15 Temmuz gecesi, saat 02.00- 03.00 arası, TBMM bombalanıyor. Meclis'te grubu bulunan 4 partinin, 100 civarında milletvekili orada. Bombalama aralıksız sürüyor. Meclis’ten çığlıklar yükseliyor. İstanbul’da sokağa çıkan yurttaşlar, tanklara kendilerini siper ediyorlar. Darbeciler kurşun yağdırıyor. 200’e yakın sivil, açılan ateşlerle hayatını kaybediyor. Boğaziçi köprüsündeki görüntüler, direnen halkın, nasıl ölümün üzerine yürüdüğünün kanıtı… Halk direniyor, siyasetçiler direniyor.
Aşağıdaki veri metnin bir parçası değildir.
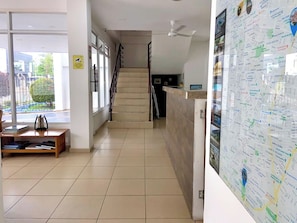 A hotel lobby with a staircase, a reception desk, and a wall with a map. - Hotel Sofichic by Caribecheap (Barranquilla)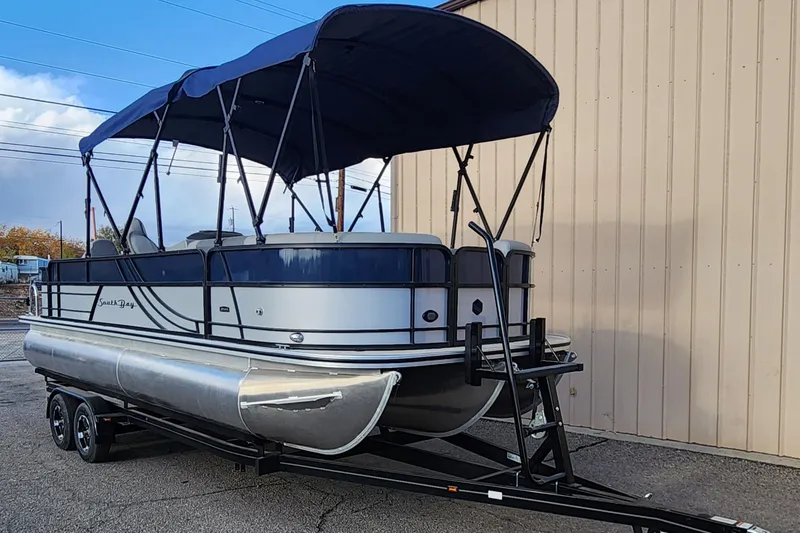 Slide: The Image of 2023 South Bay S224FCR pontoon boat on trailer with blue canopy. - 3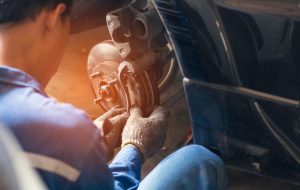 A person fixing a car's brakes near Noblesville, Indiana.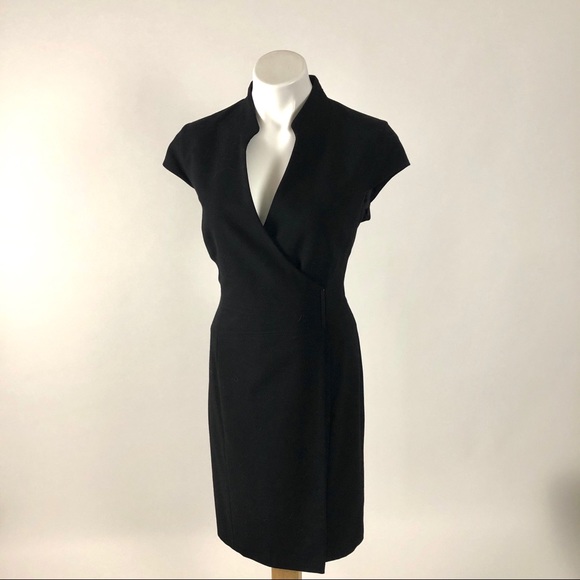Calvin Klein Dresses & Skirts - Calvin Klein black crepe wrap dress with deep V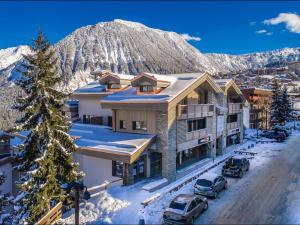 a house in the mountains with cars parked in the snow at Appartement Courchevel 1550, 3 pièces, 4 personnes - FR-1-664-5 in Courchevel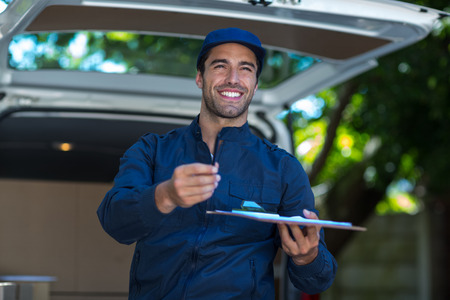 Smiling delivery person giving clipboard for signature while standing by vanの写真素材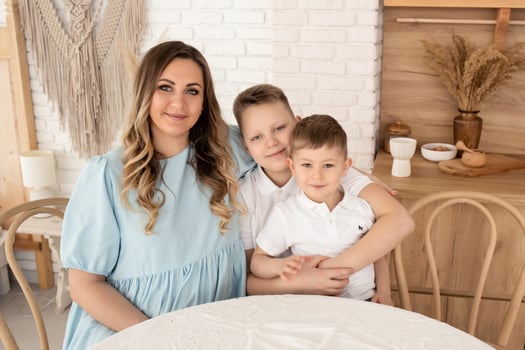 young parents hold the baby in their arms. family lifestyle photo with baby. family concept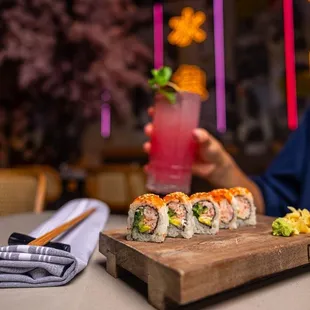 a person holding a glass of sushi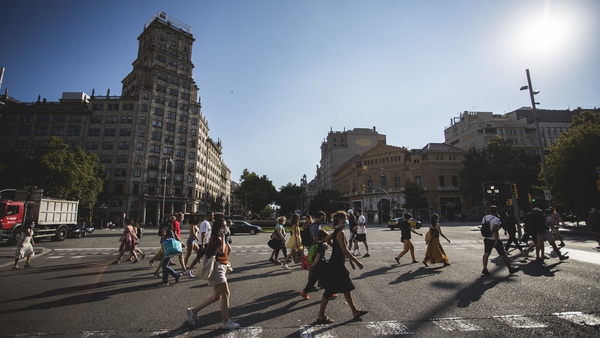 People cross the Gran Via de Les Corts Catalanes in Barcelona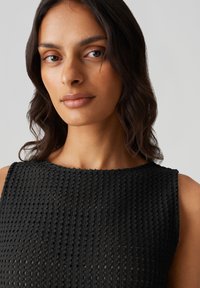 Abito nero lavorato a maglia con scollatura rotonda, texture a rete aperta e senza maniche. Il tessuto presenta un motivo strutturato con spaziatura uniforme.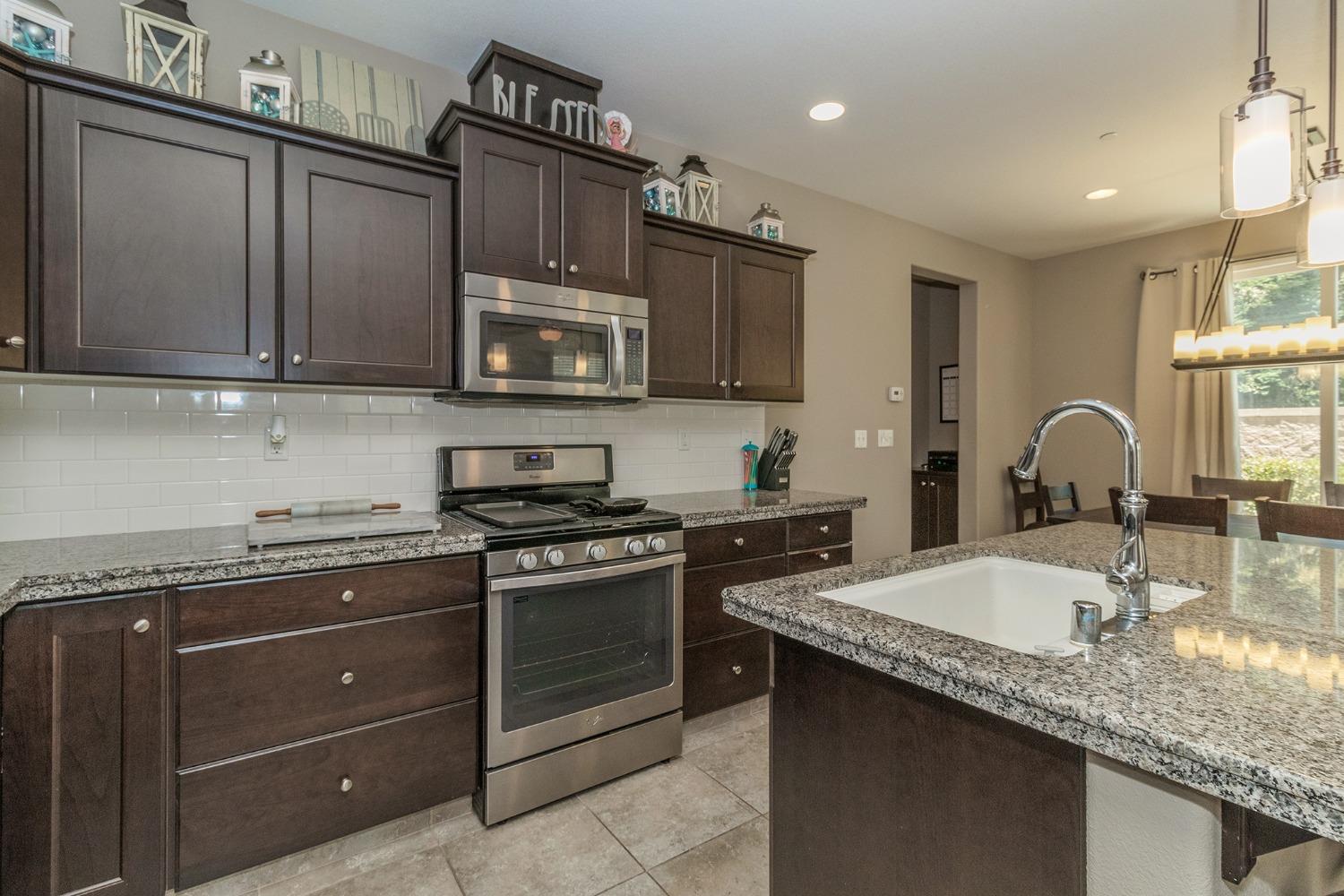 3263 Monviso Lane Clovis, CA 93619 - Photo 9 of 30 a kitchen with granite countertop stainless steel appliances a stove sink and cabinets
Bir büyük felaketin eşiğinden, ağır hasarlarla dönüyoruz. Ülke; Meclisiyle, seküleriyle, İslamcısıyla, medyasıyla, camilerden ezan okuyan, sela veren din adamlarıyla, polisiyle, darbeye destek vermeyen askerleriyle, darbe metnini imzalamayan komutanlarıyla ortak bir tutum sergiliyor. TBMM'de, seçmenlerin yüzde 97.44’ünü temsil eden dört parti, ortaklaşa bildiri yayınlıyor: “Milletimiz, bütün dünyaya örnek olacak şekilde darbenin karşısında durmuş ve kanlı darbe girişimini engellemiştir.